Prior to the release of A Band Called Death, I had no awareness of Detroit, Michigan’s African-American punk godfathers Death. If you had asked me if I had heard of a band called Death, I certainly would’ve answered yes, presuming you were referring to the Florida death metal juggernauts. Nope, we’re talking about one of the worlds very first punk bands. The film A Band Called Death introduced me to the band and I soon thereafter purchased their album …For the Whole World to See (recorded in 1974, released in 2009). I was floored by the album. My only disappointment: there wasn’t more of it. Listening to the album you can hear the seeds of so many punk bands (from Detroit, or otherwise) who followed – to either critical acclaim or cult status. However, Death wouldn’t change the name of their band and that’s where the major labels balked, sending them into obscurity for the better part of three decades.
Times have changed and some of us now know about the band called Death. And a few hundred of us gathered at Club Dada in Deep Ellum to see their first ever Dallas appearance (while Ice-T and Body Count played a sold-out show just across the street at Trees). The three piece band was full of energy as they delivered their brand of potent and inspired proto-punk. Founding members and siblings Dannis Hackney (drums) and Bobby Hackney (bass) were joined by guitarist Bobbie Duncan, who fills the spot left by Death’s visionary and founding member David Hackney who passed away in 2000. Each of these players are first-rate musicians and singers. It was a pleasure watching them perform their dynamic songs; that are certainly rooted in punk sound and song-structure ethic, but also meander into their own original territory. I can’t recall which song it was, but there was a Hendrix-esque guitar solo in there somewhere. Something rarely heard in the repertoire of the majority of “punk” bands.
The band played most of …For the Whole World to See, as well as several songs from their latest release N.E.W. When they ripped into “Keep on Knockin” they got a strong roar of approval from the crowd. Other classic tracks from the debut album, like “Politician’s In My Eyes,” and “Rock N Roll Victim,” ignited the jubilant audience – one of the most culturally diverse audiences I’ve seen in some time. In a way, the songs on N.E.W. are those of a more musically mature band, nevertheless they retain the original spark and vision of their debut recording. In a live setting, the songs blend together perfectly and display a band that is diverse and dynamic. There wasn’t much between song banter from the band members, rather they were laser focused on the task at hand. It was true pleasure to witness them in a small and intimate venue like Club Dada. Though, it is a damn shame they’re not playing to a larger audience.

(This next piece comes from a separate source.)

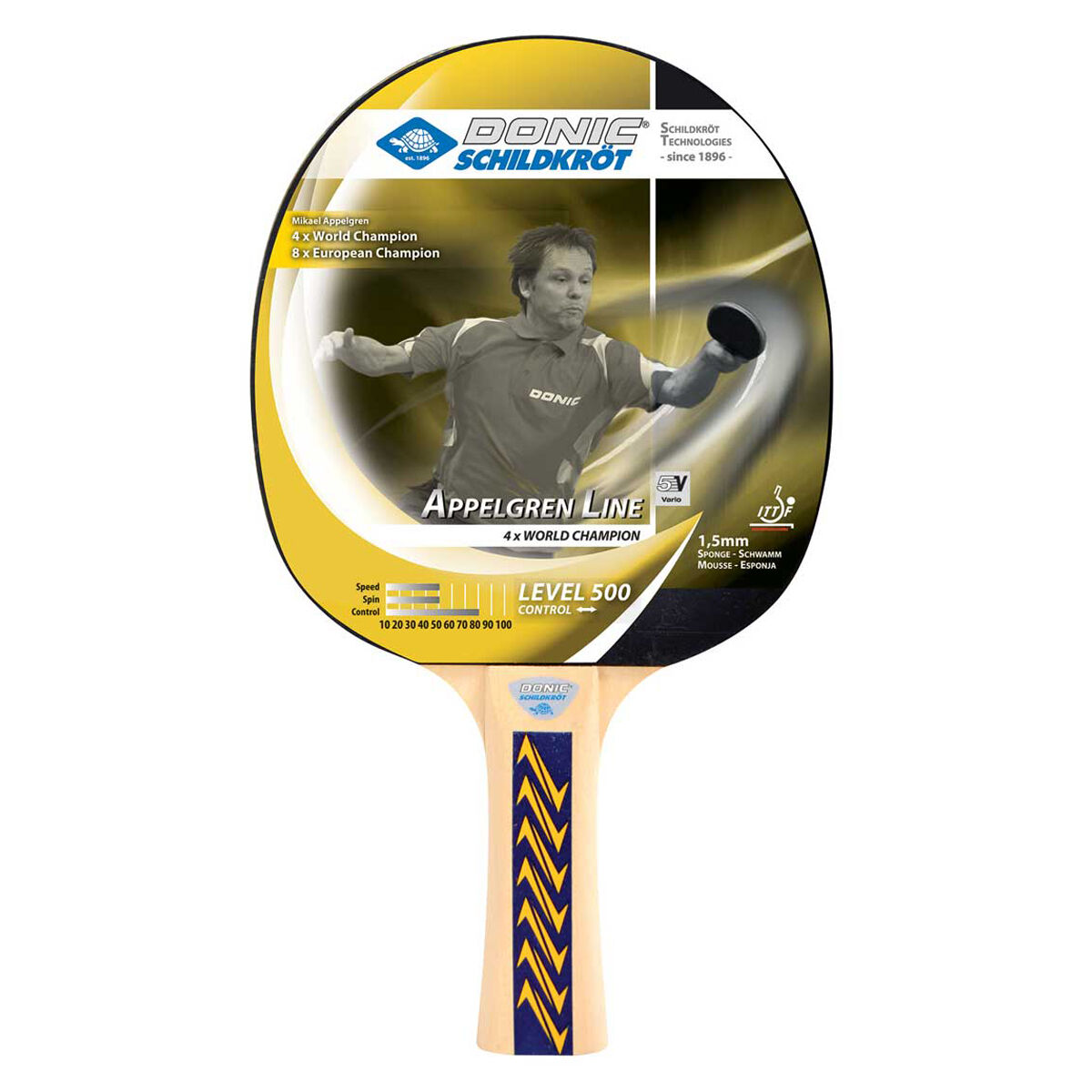 Donic Schildkrot Appelgren 500 Table Tennis Bat | Rebel Sport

If Death is coming to your neck of the woods, we at the void report implore you to check them out. They are more than just their backstory (as compelling as it is), they’re a bona-fide rock band. Each member of the band worked their ass off for a set that was both inspired and relentless. Death is a powerhouse trio whose live performance is as strong as any of their peers. When the show’s over it doesn’t matter if Death were the worlds first punk band or not. It’s inconsequential to the fact that they’re the last punk band that rocked your face off.